*PROBLEM REQUIREMENTS:* Look below for the line with "Aciones de esterilizaci�n canina y felina". Retype it and every line after it to the end, exactly, but leave out the pictures.

(Captioned web images)
┏━━

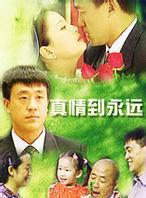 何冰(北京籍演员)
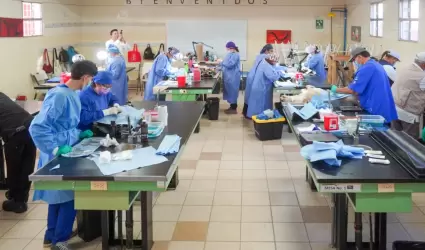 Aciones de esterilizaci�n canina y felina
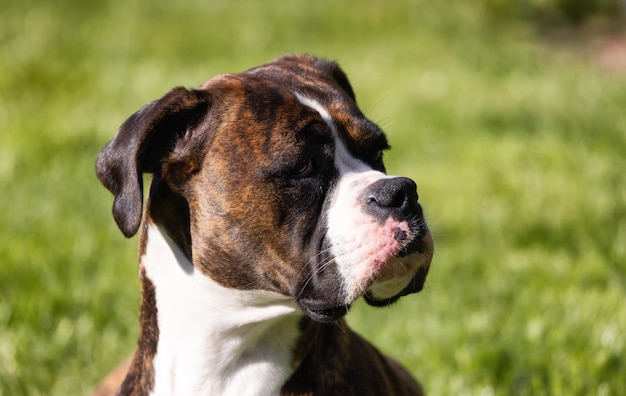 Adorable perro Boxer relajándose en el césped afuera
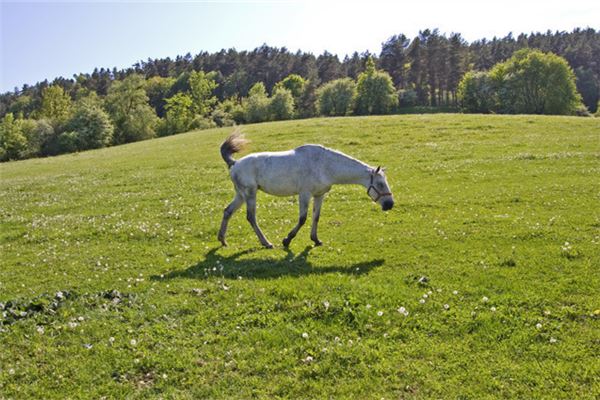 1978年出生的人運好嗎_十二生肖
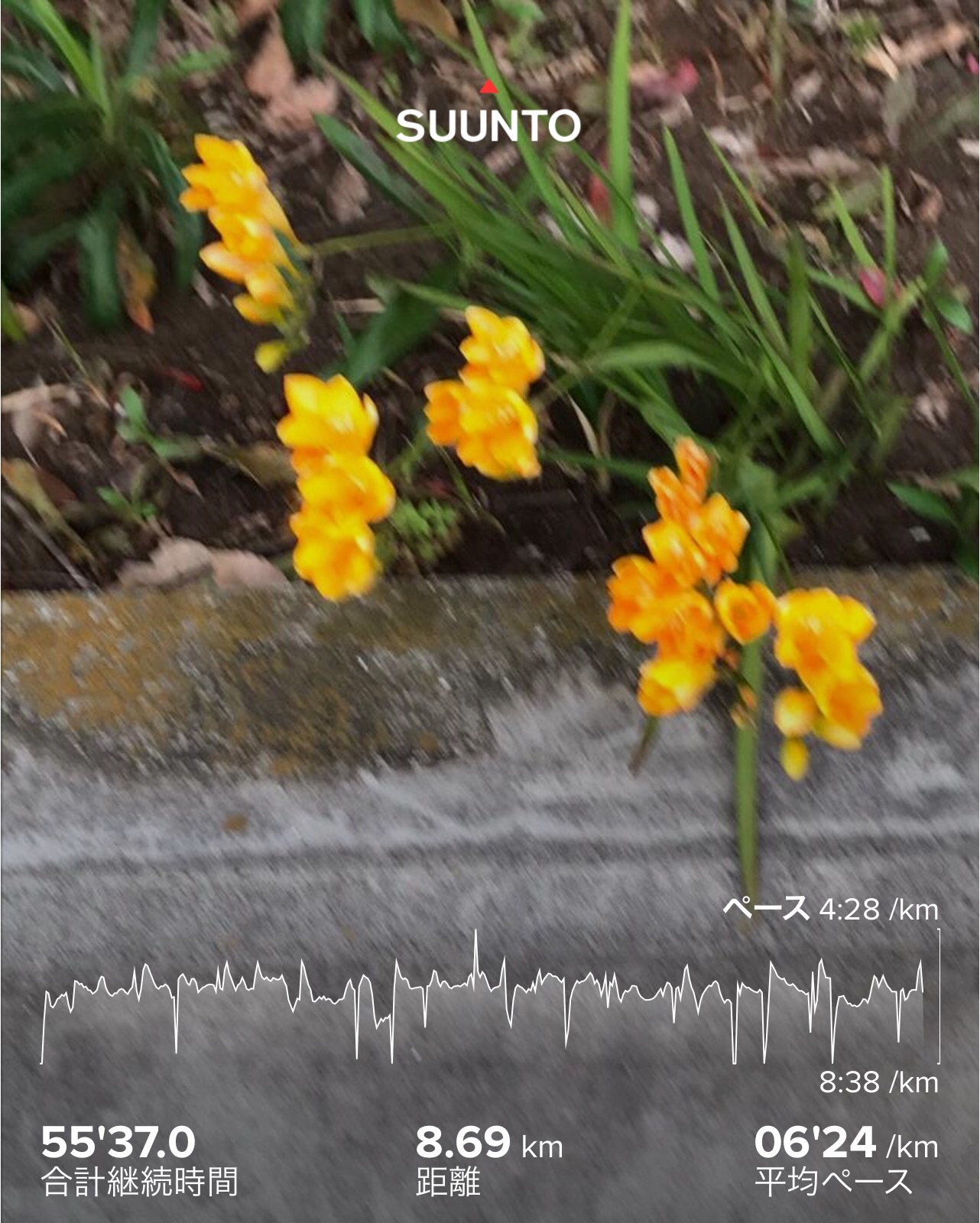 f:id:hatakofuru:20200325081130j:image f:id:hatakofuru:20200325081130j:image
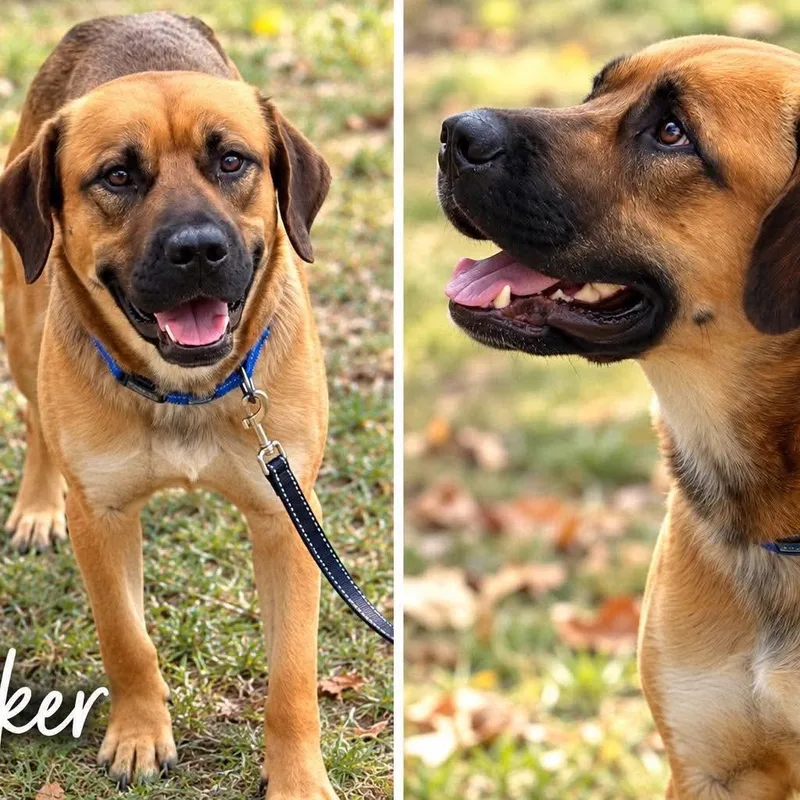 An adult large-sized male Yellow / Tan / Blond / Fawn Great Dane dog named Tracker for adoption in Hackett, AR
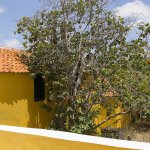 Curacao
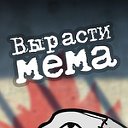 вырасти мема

┗━━

*EXERCISE RESULT:*
 Aciones de esterilizaci�n canina y felina
 Adorable perro Boxer relajándose en el césped afuera
 1978年出生的人運好嗎_十二生肖
 f:id:hatakofuru:20200325081130j:image f:id:hatakofuru:20200325081130j:image
 An adult large-sized male Yellow / Tan / Blond / Fawn Great Dane dog named Tracker for adoption in Hackett, AR
 Curacao
 вырасти мема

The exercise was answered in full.